| ← | 22nd | 24th | → |

Overview
- Legislative body: Arizona Territorial Legislature
- Jurisdiction: Arizona Territory, United States

Council
- Members: 12
- President: George W. P. Hunt

House of Representatives
- Members: 24
- Speaker: Wilfred T. Webb

= 23rd Arizona Territorial Legislature =

Session of the Arizona Territorial Legislature (1905)

The 23rd Arizona Territorial Legislative Assembly was a session of the Arizona Territorial Legislature which convened in Phoenix, Arizona, United States. The session ran from January 16, 1905, till March 16, 1905.

==Background==
Governor Alexander Oswald Brodie was entering his final days in office as the legislative session began. Brodie resigned as governor on February 14, 1905, to return to his military career. His replacement, Joseph Henry Kibbey, was sworn into office on March 7, 1905.

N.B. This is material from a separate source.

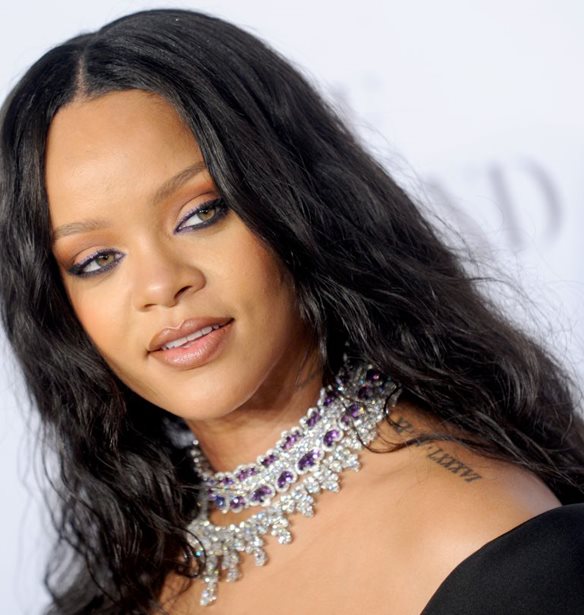 Savage x Fenty: &#x397; Rihanna &#x3BA;&#x3C5;&#x3BA;&#x3BB;&#x3BF;&#x3C6;&#x3CC;&#x3C1;&#x3B7;&#x3C3;&#x3B5; &#x3BD;&#x3AD;&#x3B1; &#x3B5;&#x3C3;&#x3CE;&#x3C1;&#x3BF;&#x3C5;&#x3C7;&#x3B1; &#x3B1;&#x3C0;&#x3BF;&#x3BA;&#x3BB;&#x3B5;&#x3B9;&#x3C3;&#x3C4;&#x3B9;&#x3BA;&#x3AC; &#x3B3;&#x3B9;&#x3B1; &#x3C4;&#x3B7;&#x3BD; Valentine&#x27;s Day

The drive for the territory to achieve statehood continued. A proposal to merge Arizona and New Mexico territories and admit the combined entity as a single state had been made in the United States House of Representatives in 1902. The proposal had been initially defeated in the House but had won support in the United States Senate and a final resolution on the proposal was still to be determined.

==Legislative session==
The legislative session began on January 16, 1905, and ran for 60 days.

===Governor's address===
Governor Brodie gave his address on the session's opening day. He began by describing the territory's financial condition was in the best condition it had ever been. Despite this he still urged tax reforms. The territory's mines had an assessed value of US$4,442,995 and paid US$178,000 in taxes to county and territorial governments. At the same time estimated annual output from the mines was estimated at $38,700,000. The governor wished to have the assessment methodology changed to base values on the gross output of territorial mines.

Besides discussing tax issues, Governor Brodie cautioned the session about the "growing evil of wife desertion" and asked for legislation to prevent the spread of the problem. He also recommended construction of a sanatorium to treat the many people suffering from tuberculosis immigrating to the territory. As the ill were coming from all parts of the county, the governor favored the "General Government" pay for the construction.

After taking office, Governor Kibbey sent a letter to the session asking for referendum on joint-statehood proposal.

===Legislation===
The session passed only 69 bills. With expectations that Arizona would soon be admitted as a state, the legislature failed to act on many issues. They did however hire an extremely large number of aides. Among the hires were 17 clerks paid to sit in the gallery as an audience and three pages who were charged with placing a cloth blindfold over the eyes of the statue of Liberty on top of the territorial capitol building.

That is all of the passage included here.